Wednesday, July 07, 2010

Emmer: Cutting Wages of Tipped Employees Doesn't Cut Their Wages

Tom Emmer's got some 'splaining to do about his proposal to cut the wages of 22,000 Minnesotans who earn a minimum wage and tips. His proposal to institute a tip penalty (h/t MAK's response to Emmer's position) has come in for all kinds of criticism. Leave it to his crack campaign staff to explain it away. Emmer sent an email explaining his position:
When a reporter asked if I supported the concept of a tip credit, I answered yes. I want the wait staff at a restaurant to be successful and make as much as they can, and a recent study published in Applied Economics Letters shows that tip credits have essentially no negative impact on wages for tipped employees. So contrary to what some people are saying, I have no interest in “cutting wages.”
So let's find this citation. This is also the ONE source that economist and right blogger King Banaian could scrounge up to support his buddy Emmer's position. Basing a change in public policy on one and only one three-page mini-study is bad policy making. Remember, these are the same people who dispute the legitimacy of the IPCC's conclusions on global climate change!

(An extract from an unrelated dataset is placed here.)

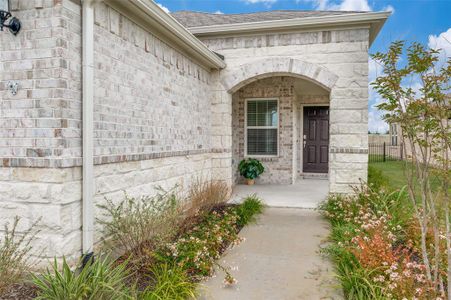 Covered front porch with sitting area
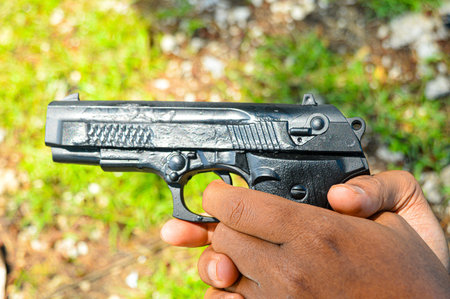 Closep up of The hand of a security man, policeman, terrorist, thief, is carrying a gun and ready to shoot. Crime concept, Military, crime shooting. focus on gun, noisy, exposure, similar othersの写真素材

This three-page article purports to prove that
"for the most part, servers in those states with higher tipped minimum wages appear to have no income advantage over servers elsewhere. States with policies designed to boost the incomes of servers, often the lowest paid occupations, will find that those policies are generally ineffective."
While it is nice to see the Emmer camp citing an article that directly contradicts his assertion that tipped employees are getting rich while business owners suffer, this study fails on many levels.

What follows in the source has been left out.